A federal rule to be proposed Thursday would create temporary pesticide- free zones when certain plants are in bloom around bees that are trucked from farm to farm by profession­al beekeepers, which are the majority of honeybees in the U. S. The pesticide halt would only happen during the time the flower is in bloom and the bees are there, and only on the property where the bees are working, not neighborin­g land.

The rule applies to virtually all insecticid­es, more than 1,000 products involving 76 chemical compounds, said Jim Jones, EPA’s assistant administra­tor for chemical safety and pollution prevention. It involves nearly all pesticides, including the much- debated pesticides called neonicotin­oids, he said.

The idea is “to create greater space between chemicals that are toxic to bees and the bees,” Jones said.

This is part of a new multipart push by the Obama administra­tion to try to reverse dramatic declines in bee population­s. A new federal survey found beekeepers lost more than 40 percent of their colonies last year, although they later recovered by dividing surviving hives.

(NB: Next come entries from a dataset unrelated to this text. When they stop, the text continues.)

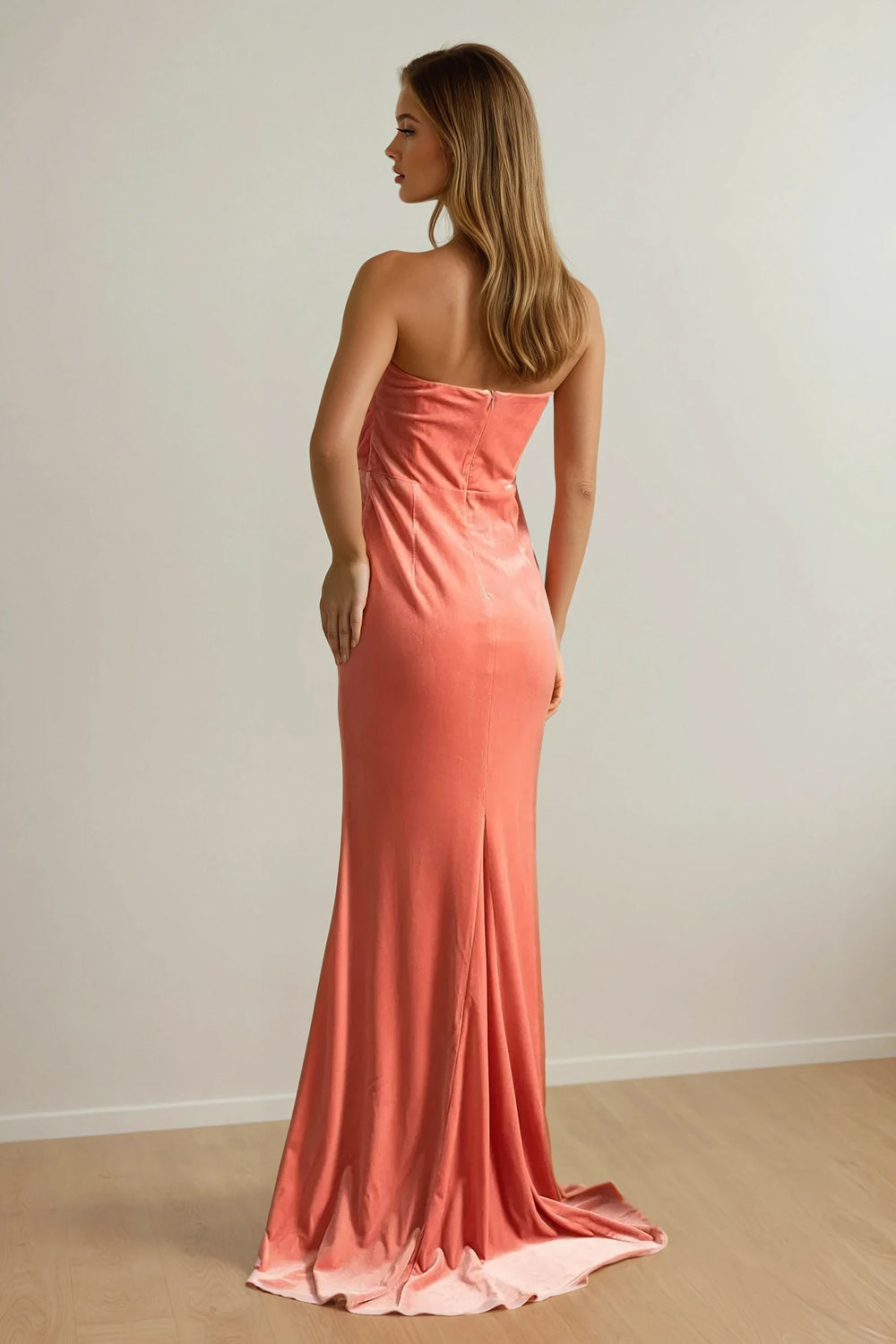 Maxi Dress with Draped Bodice and Crystal-Embellished Bust - Pink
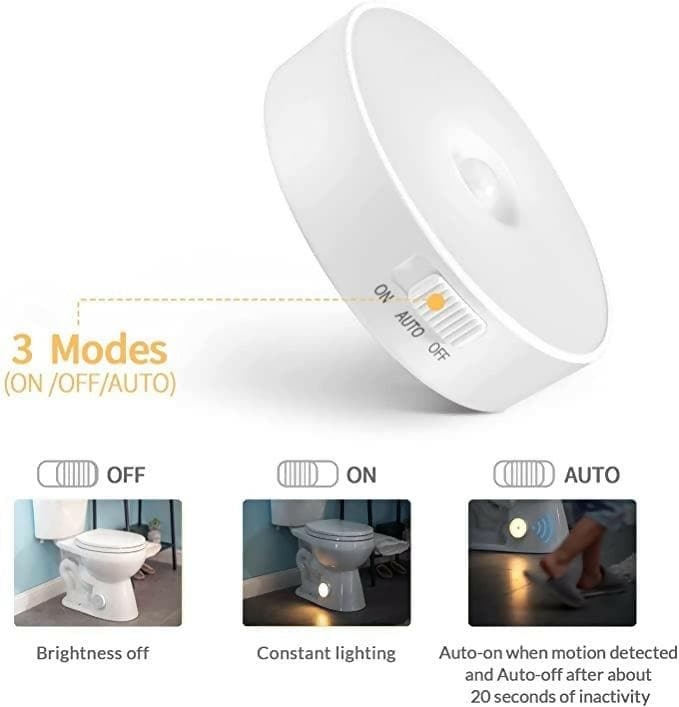 White LED USB Rechargeable Lamp Motion Sensor Light Sensing Battery Powered (Warm, White, Single piece) - HalfPe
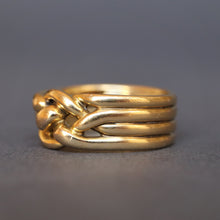 Load image into Gallery viewer, Antique Victorian era wide four-band knot ring in 18ct gold
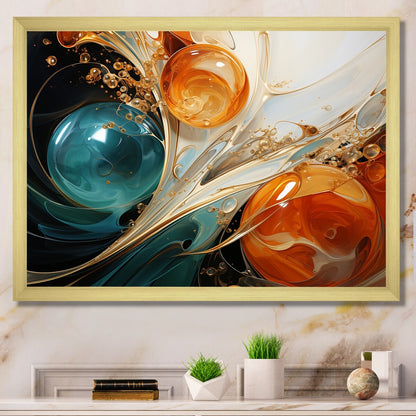 Designart White Blue And Orange Ink Storm III Abstract Painting Blue Wall Decor Modern Bedroom Framed Canvas Wall Art
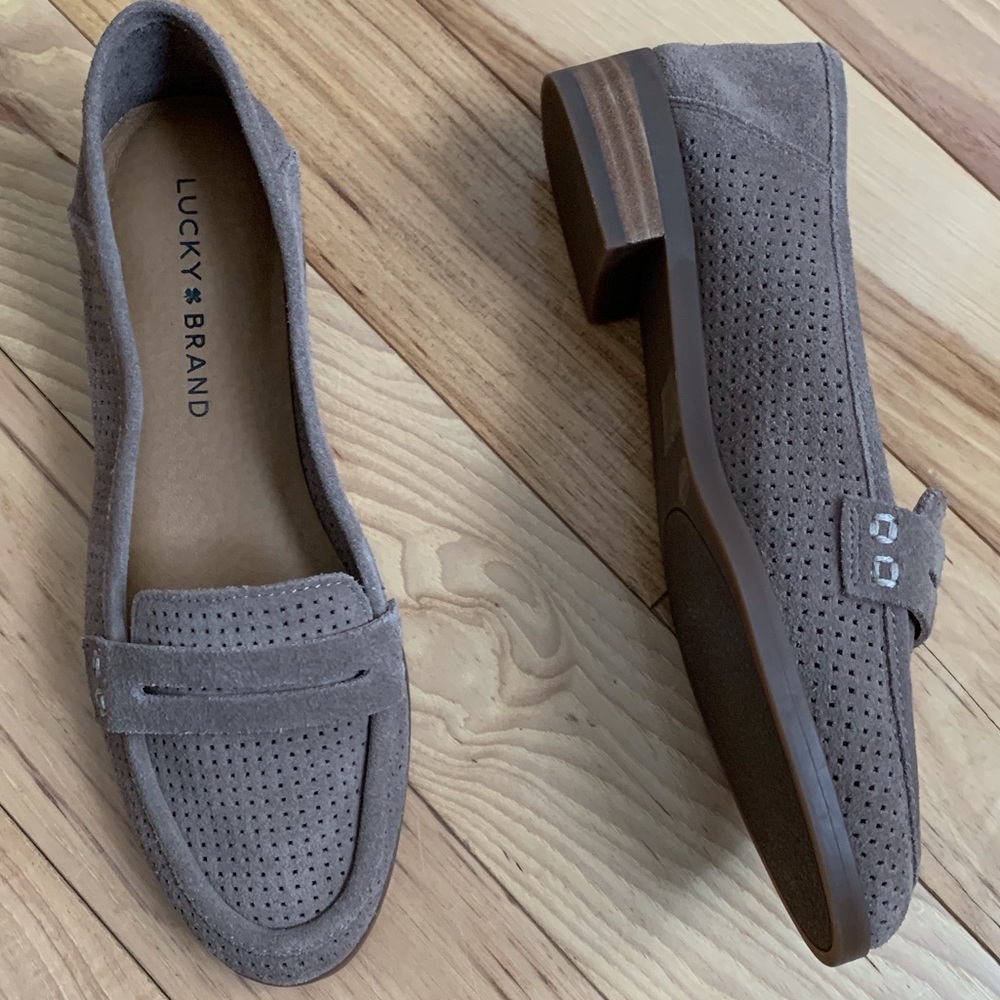 LUCKY BRAND Loafer Soft Perforated Leather Suede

Scientists blame many factors for bee declines: pesticides, parasites, pathogens and poor bee nutrition because of a lack of wild plants that bees use as food. The new rule only deals with the pesticide part; last week, the federal government came up with a plan to create more and varied food for bees on federal land.

The new rule “doesn’t eliminate ( pesticide) exposure to honeybees, but it should reduce it,” said University of Illinois entomologi­st May Berenbaum. “It may not be ideal, but it’s the best news in about 120 years. In concept, in principle, this is a big policy change.”